Vous trouverez ci-dessous l’appel à communication et les modalités de réponse (english below)

le comité d’organisation : Olivier Maheo (IHTP), Pauline Peretz (IHTP), Sarah Frioux-Salgas (Musée du quai Branly – Jacques Chirac).

Appel à communication, journée d’études le 10 décembre 2021 (English version below)

Raconter, exposer et commémorer l’histoire des minorités aux Etats-Unis.

Les musées et sites historiques états-uniens et les récits minoritaires

Journée d’étude organisée par l’Institut d’Histoire du Temps Présent, UMR 8244, le vendredi 10 décembre 2021.

Les perspectives critiques ont participé au développement des recherches en histoire sur le fait minoritaire, qui peut être approché de deux manières : d’une part du point de vue de la domination qui s’exerce, d’autre part du point de vue des expériences des membres de la minorité (Chassain et al., 2016). Un colloque en sciences sociales posait ainsi la question de savoir si « L’histoire des minorités est une histoire marginale ? » (Laithier et al., 2008). Le terme polysémique de « minorité » prend sur le sol étatsunien le sens de minorités ethnoraciales, que lui a donné l’histoire de son peuplement au travers des migrations successives de populations diverses. Il implique l’inclusion dans un tout national, mais renvoie aussi à un statut subalterne, éventuellement cible de discriminations et d’exclusions diverses. A côté du roman national qui participe à la construction d’une « communauté imaginaire », de multiples récits minoritaires subsistent, qu’ils soient inclus comme un aspect du tout, ou bien qu’ils proposent une histoire parallèle, voire opposée (Anderson, 1986). Le roman national n’exclut pas nécessairement les narrations minoritaires, mais il implique différentes formes d’exclusions et d’oublis, dont Benedict Anderson a montré comment ils participaient de la construction d’un « fratricide rassurant » (Anderson, 1986 ; Mylonas, 2013). Nous souhaitons interroger la manière dont différentes minorités ont voulu intégrer leur histoire particulière au récit national, corriger ce dernier, le contester, voire s’en séparer en revendiquant la réappropriation de son histoire autonome.

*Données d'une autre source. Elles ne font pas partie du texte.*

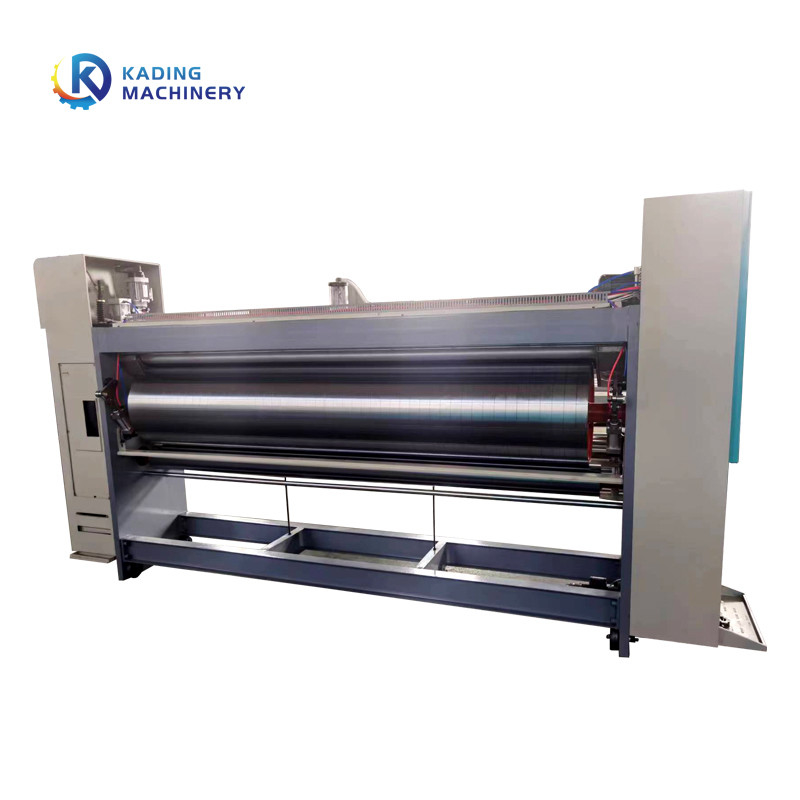 120-250pcs/Min Fully Automatic Carton Printer For Corrugated Paperboard And Pizza Box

Les récits minoritaires mobilisent des mémoires collectives spécifiques, des processus de patrimonialisation et différentes médiations de l’histoire, notamment dans les cadres scolaires, médiatiques. Nous proposons de nous concentrer sur une de leurs formes concrètes, à savoir les musées et les sites patrimoniaux. Ceux-ci sont en effet au centre d’enjeux politiques et historiographiques dans la manière dont ils articulent, ou pas, le récit des minorités et le récit national. Les plus grands musées focalisent de ce point de vue l’attention : à Washington les musées prestigieux de la Smithsonian Institution se succèdent sur le National Mall : National Museum of American History, National Museum of the American Indian, fondé en 1989 et National Museum of African American History and Culture, ouvert en septembre 2016. Le 21 décembre 2020 le Congrès vient de voter la Smithsonian Women’s History Act qui autorise le lancement d’un musée national des femmes, dont le projet remonte à 1998, et d’un National Museum of the American Latino, proposé lui dès 1994. Ces institutions sont certes les plus visibles, mais elles ne doivent pas faire oublier des structures plus petites, dont les origines et les dynamiques peuvent être des plus diverses.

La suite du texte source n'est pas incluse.